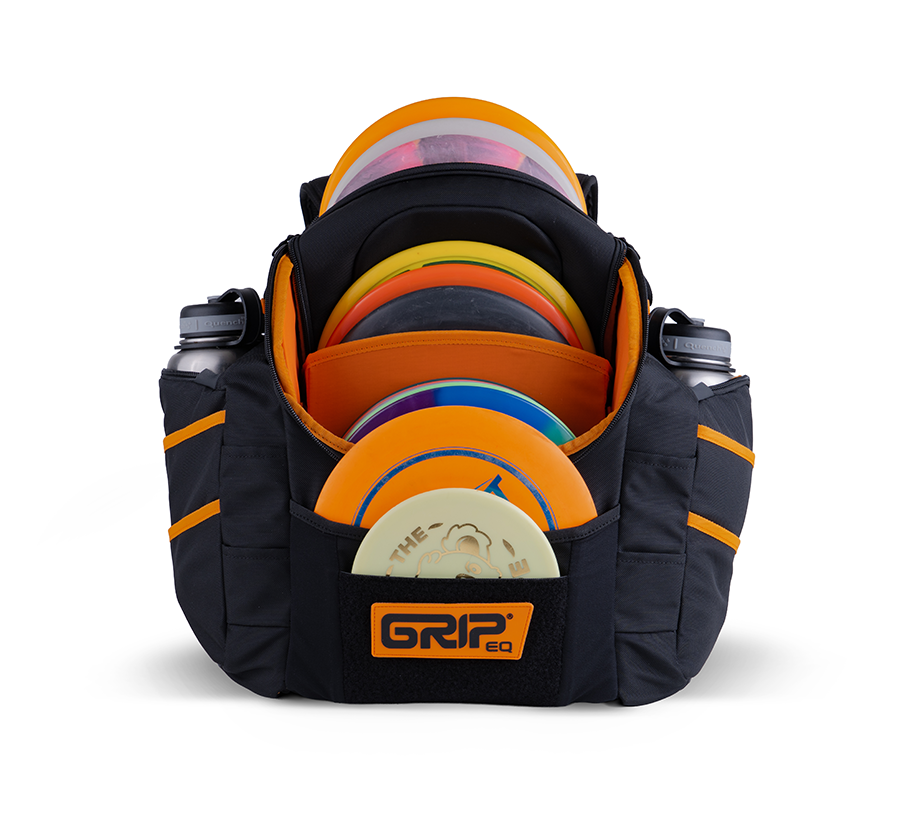 GRIPeq x Paul McBeth Disc Golf Bag | MB-G3 (black with purple/orange) - Reserve yours now! - Image 2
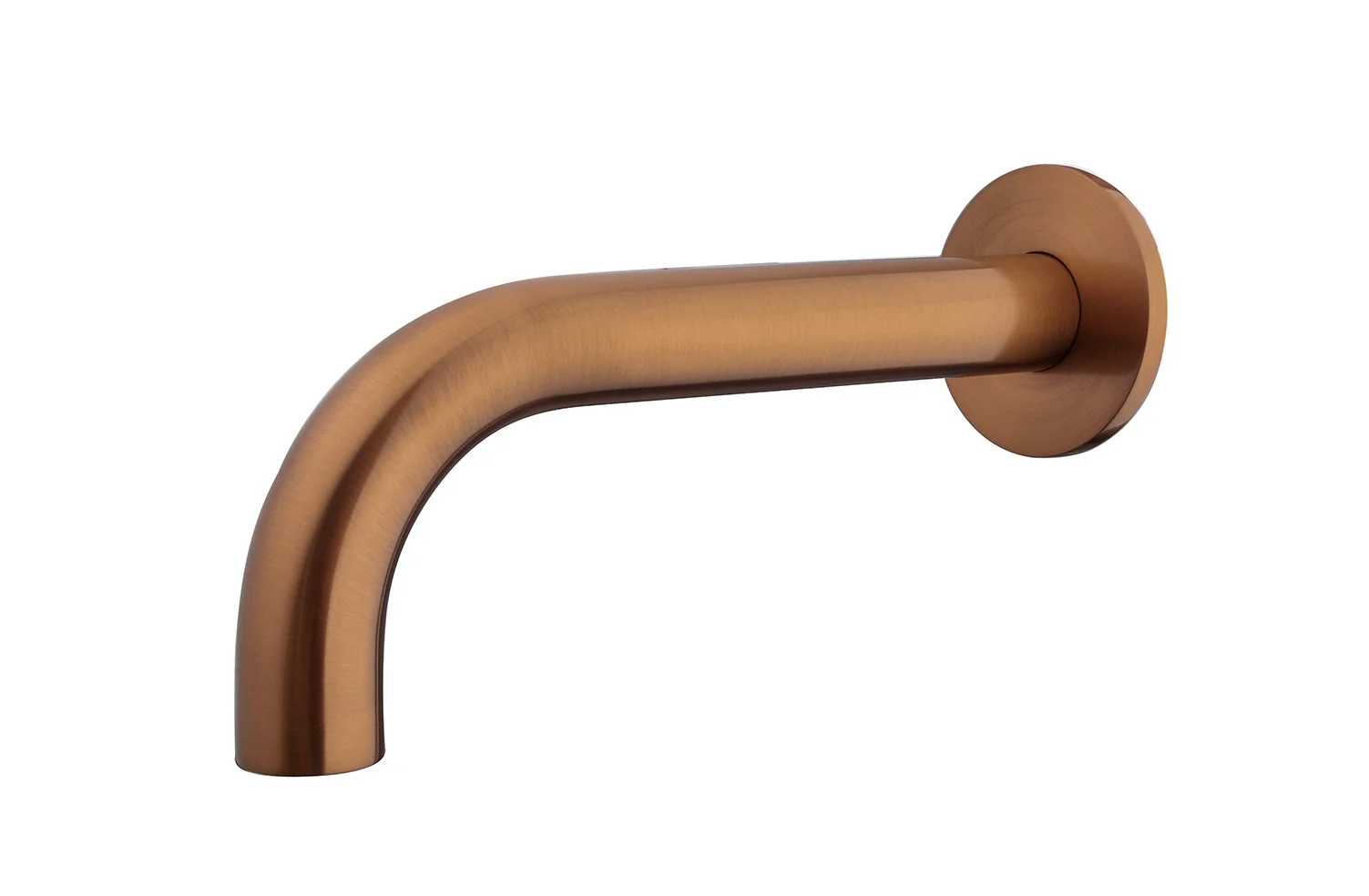 Caral baduitloop rond 20 cm 1/2” geborsteld brons koper PVD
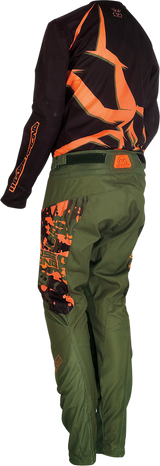 Pantalones Agroid para jóvenes MOOSE RACING - Oliva/Naranja - 26 2903-2181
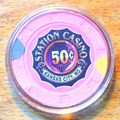 50 Cent Station Casino Chip - Kansas City, Miss...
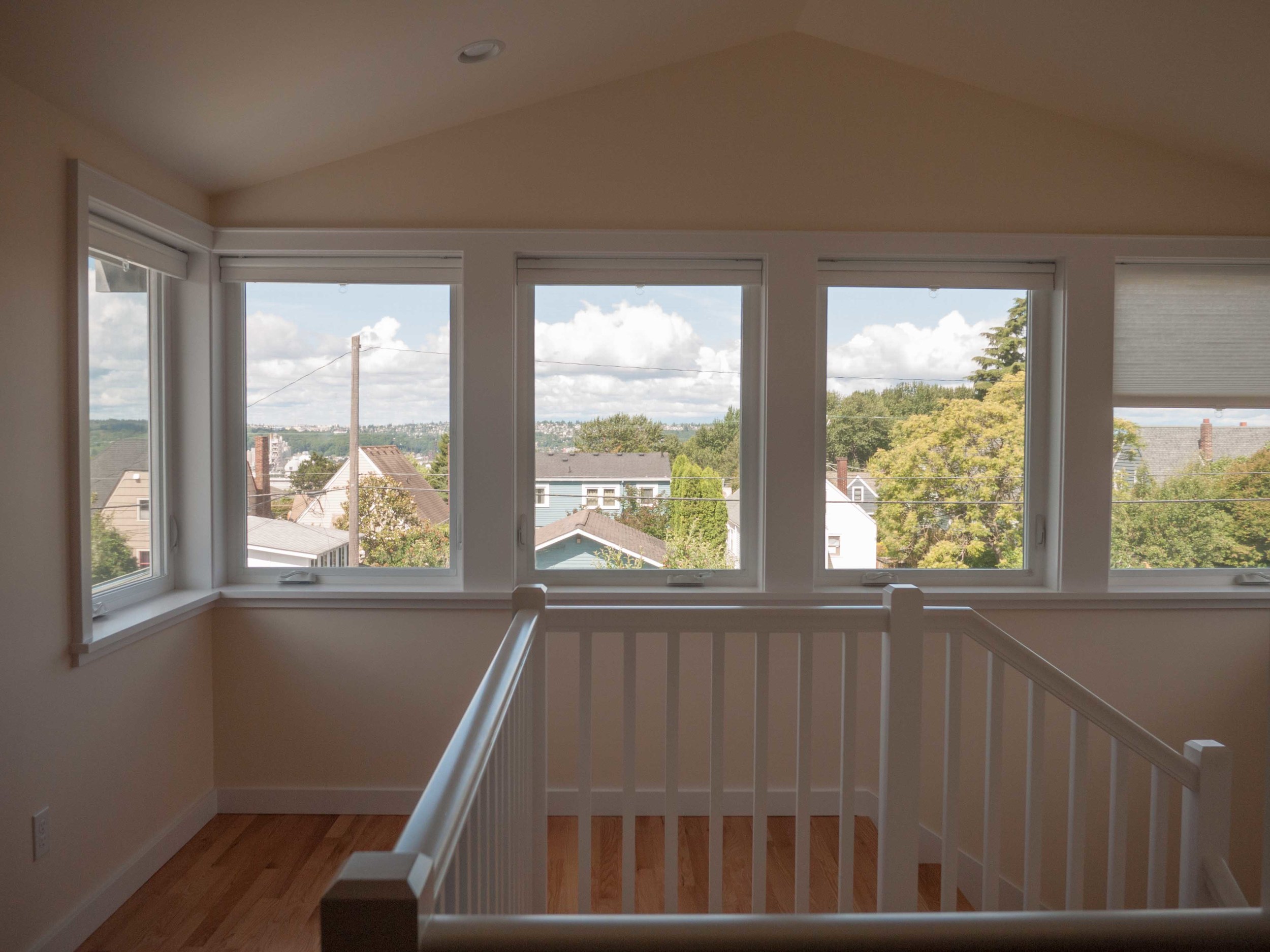 The second story provides views of the Olympics (at least on clear days!). 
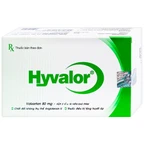 Thuốc Hyvalor 80mg United điều trị tăng huyết áp, suy tim (3 vỉ x 10 viên)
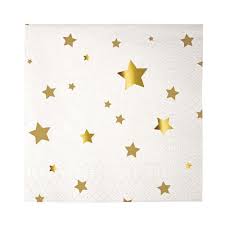 Rose gold star napkins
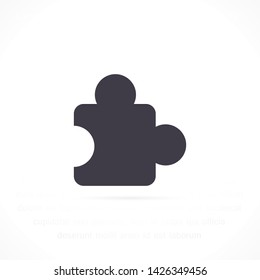 Puzzle vector icon 10 eps , Lorem ipsum Flat design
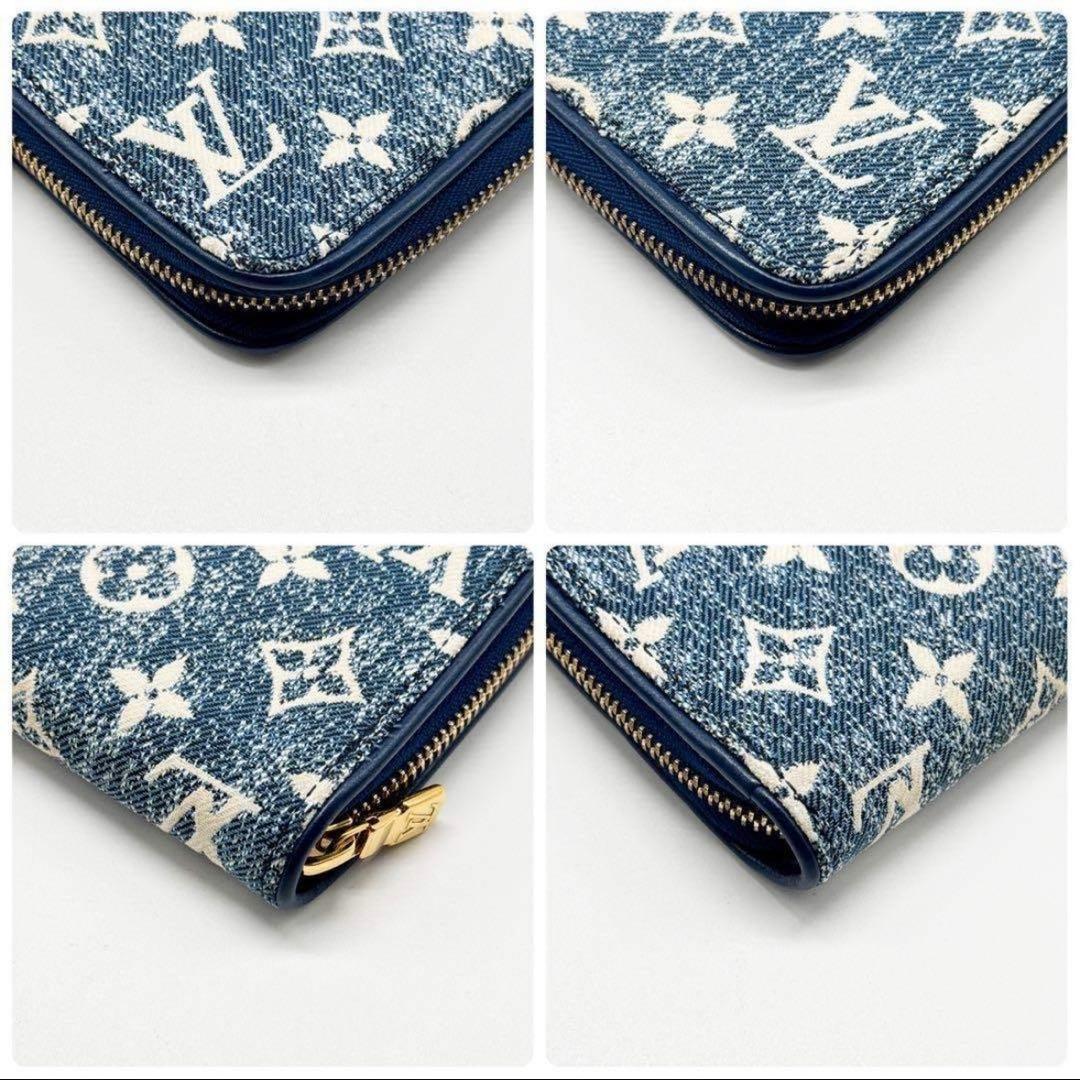 完売品 ルイヴィトン モノグラム デニム ジッピーウォレット 財布 ブルー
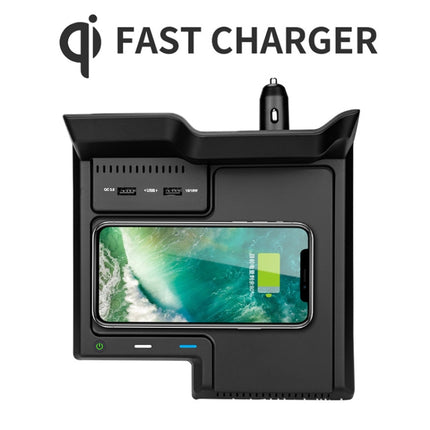 HFC-1060 Car Qi Standard Wireless Charger 10W Quick Charging for Toyota Avalon 2019-2021, Left Driving-garmade.com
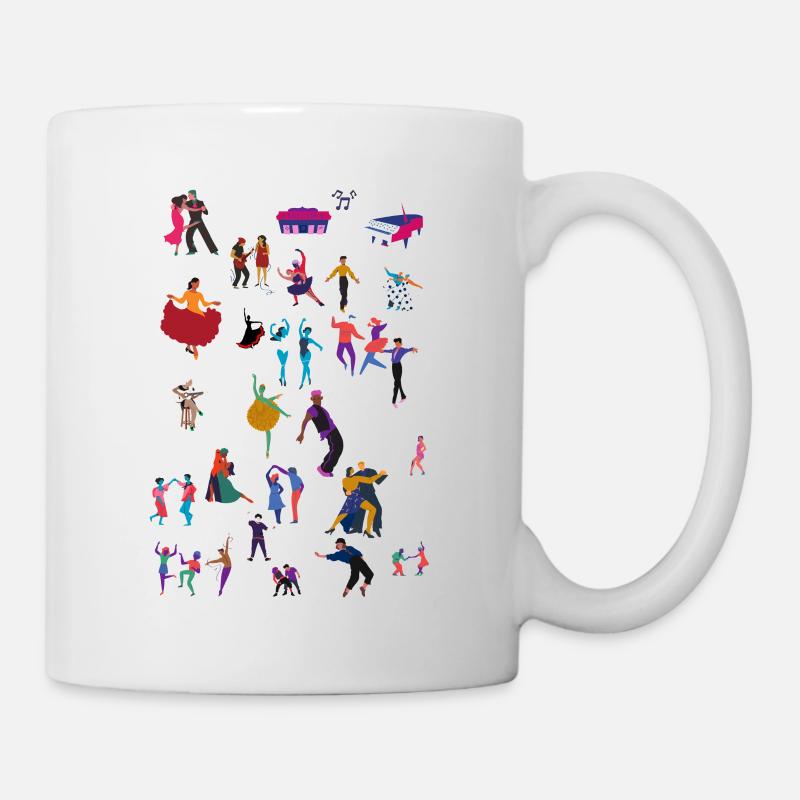 dance - Mug blanc - blanc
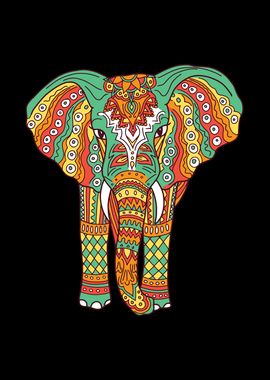 Elephant Mandala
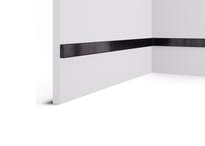 Cosca Decor Рейки Рейка 057 Зеркало Черное 2000 мм 3x200x1 см поверхность 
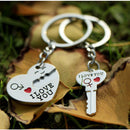 1 set Creative crush you piercing heart couple key ring for weeding gift  JR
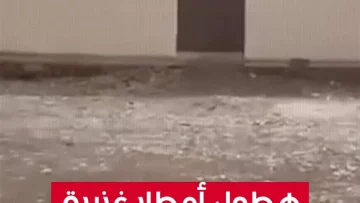 أمطار غزيرة تضرب نينوى في قلب الصيف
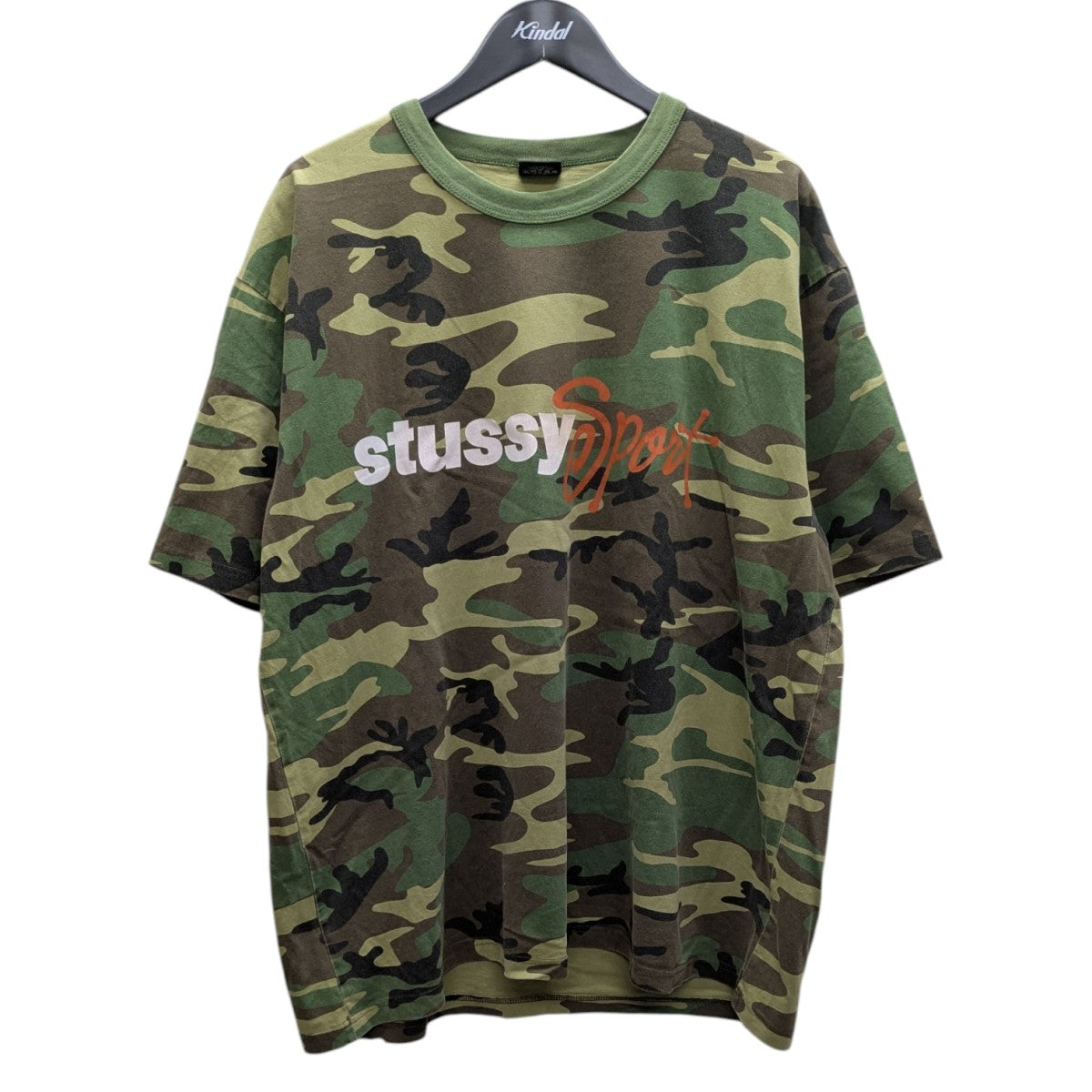 stussy(ステューシー) 24SScript Tee CamoカモフラTシャツ グリーン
________________
Beginning with the line that contains "Elephant Mandala", write out the remaining lines of the listing above through the last, exactly and only those, without pictures.

FINAL ANSWER
 Elephant Mandala
 Cosca Decor Рейки Рейка 057 Зеркало Черное 2000 мм 3x200x1 см поверхность 
 1 set Creative crush you piercing heart couple key ring for weeding gift  JR
 أمطار غزيرة تضرب نينوى في قلب الصيف
 stussy(ステューシー) 24SScript Tee CamoカモフラTシャツ グリーン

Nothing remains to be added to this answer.